Today, I’m going to explore the concept and practice of unsubscribing, and I want to go beyond emails and look at the various ways we can choose what we want to have access to our time, attention, and money.

There are two types of things you might unsubscribe from and myriad reasons why you might want to.

Let’s get into it by starting with an important question we’re frequently forced to ask.

“How did you get my ____?”

Using myself as an example, every person on my email list has explicitly opted-in to receive my emails.

I don’t buy lists. I never add random people to my email list.

Everyone got here by entering their name into a form and then confirming their subscription in their email. This is known as a double opt-in.

However, because some people opt-in to my list through guides, ebooks, and other content that is not hosted on my site, like this, this, or this, I get the occasional nastygram insinuating that I’m a spammer. I’m not, but I understand the confusion.

As I see it, there are two types of subscriptions and the dividing line between them is consent.

  • On the one side you have products, services, and communications that you explicitly granted access to your email address or credit card.
  • On the other side, you have unsolicited, products, services, or communications that you were subscribed to without consent.

Then there is the fuzzy space in between the two made up of the things we sign up for but forgot about or weren’t entirely clear we’re signing up for. This is where some people on my email list get confused and while I’m not quite sure how to resolve it, I continue to work on it.

“How do I get off this f***ing ______?!”

brown ostrich head in close up photography

By law, every email marketing communication must contain a clear and obvious way to opt-out.

Most emails, like the ones I send, have a clear link at the bottom that says unsubscribe. If you subscribe to Christopher Penn’s excellent Almost Timely newsletter, which I strongly recommend, you would see the following GIF. He makes it profoundly easy to get off his list.

If you’re receiving this post by email and are looking to unsubscribe, I’m sorry to inform that clicking the GIF will not work in my email, but the link at the bottom still does. However, I will be updating my emails, in the near future, to contain something similar in the footer.

There are lots of reasons why someone may want to opt-out or unsubscribe from something.

Unfortunately, services don’t always make it so easy especially since there is money involved, and in some cases, a contract.
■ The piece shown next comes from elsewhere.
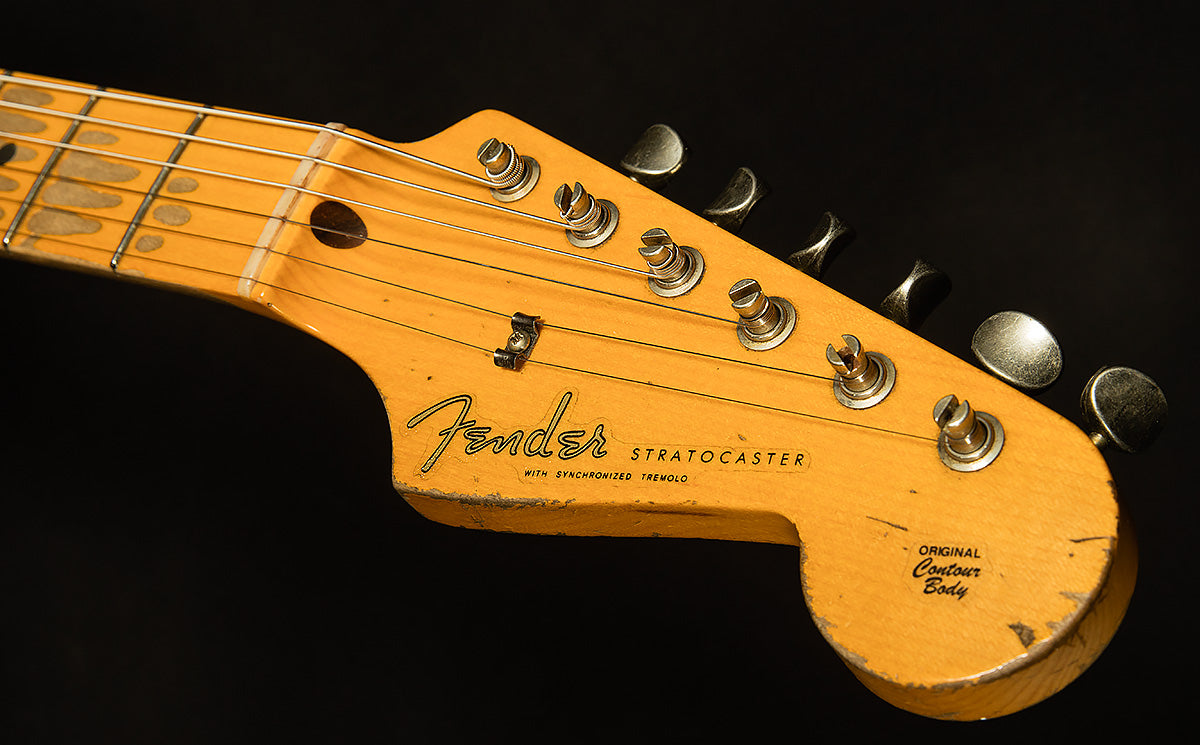 2023 Masterbuilt 1957 Stratocaster by Austin Macnutt - Journeyman Relic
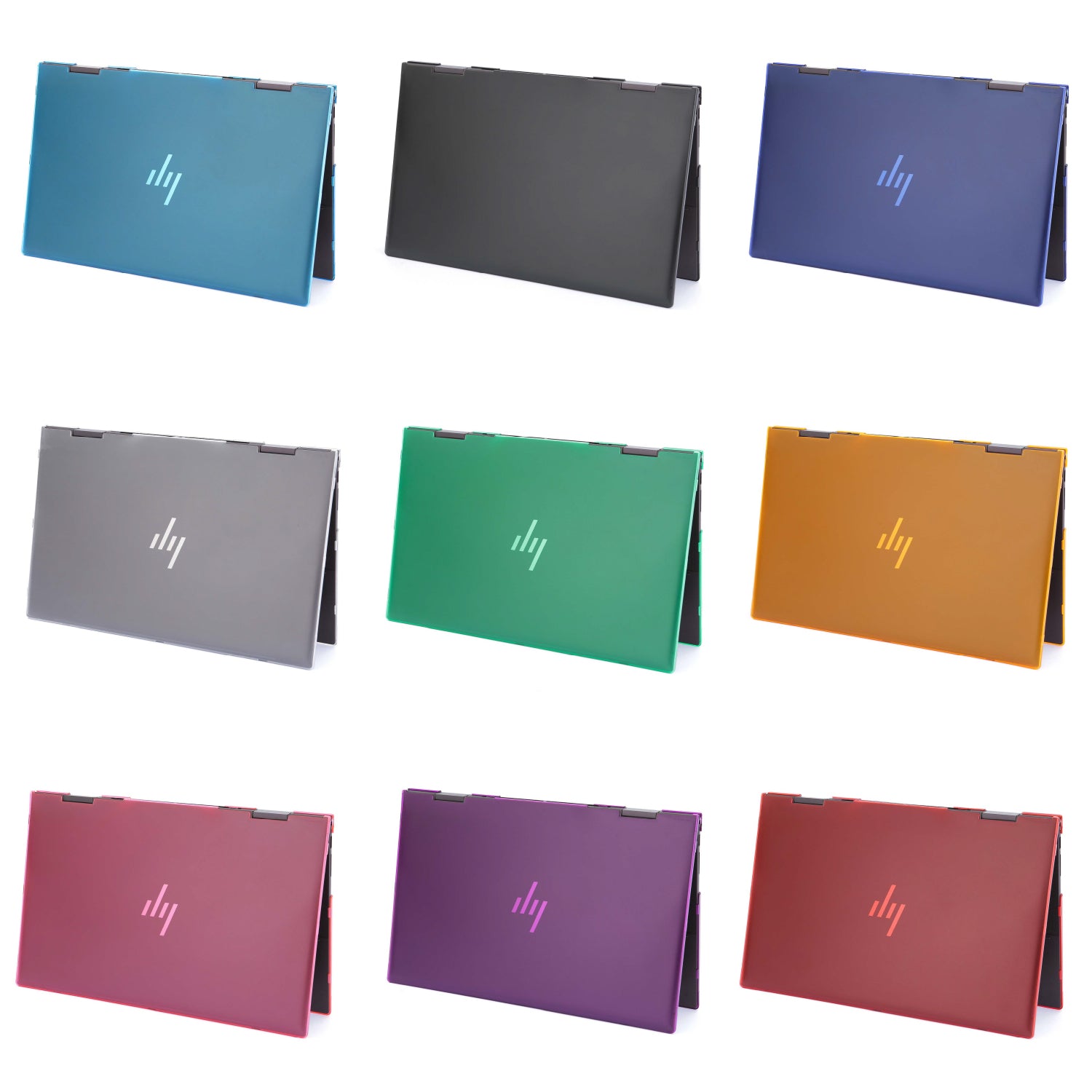 mCover Case Compatible for 2021~2022 15.6" HP Envy x360 15-ESxxxx (Intel CPU) / 15-EUxxx (AMD CPU) Series Laptop ONLY (NOT Fitting Any Other HP Models)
Instead of an unsubscribe button, you may need to call a customer number, pay off a balance, or go through lengthy escalations to recoup money that should have never been charged in the first place. It can suck.

The good news is that in nearly all cases where consent was given including content subscriptions (unsubscribe), social media (unfollow), and paid subscriptions (stop payment), there are typically, relatively easy, ways to get off the list to stop future communications and charges. Unfortunately, stopping the flow of unsolicited mail, spam email, or fraudulent credit card charges, we’re stuck with a game of whack-a-mole that may never cease.

“This is not the world I envisioned”

Nearly everyone has unsubscribed from an email. Nearly everyone has cancelled a service.

But, there is another unsubscribe that many of us fail to consider.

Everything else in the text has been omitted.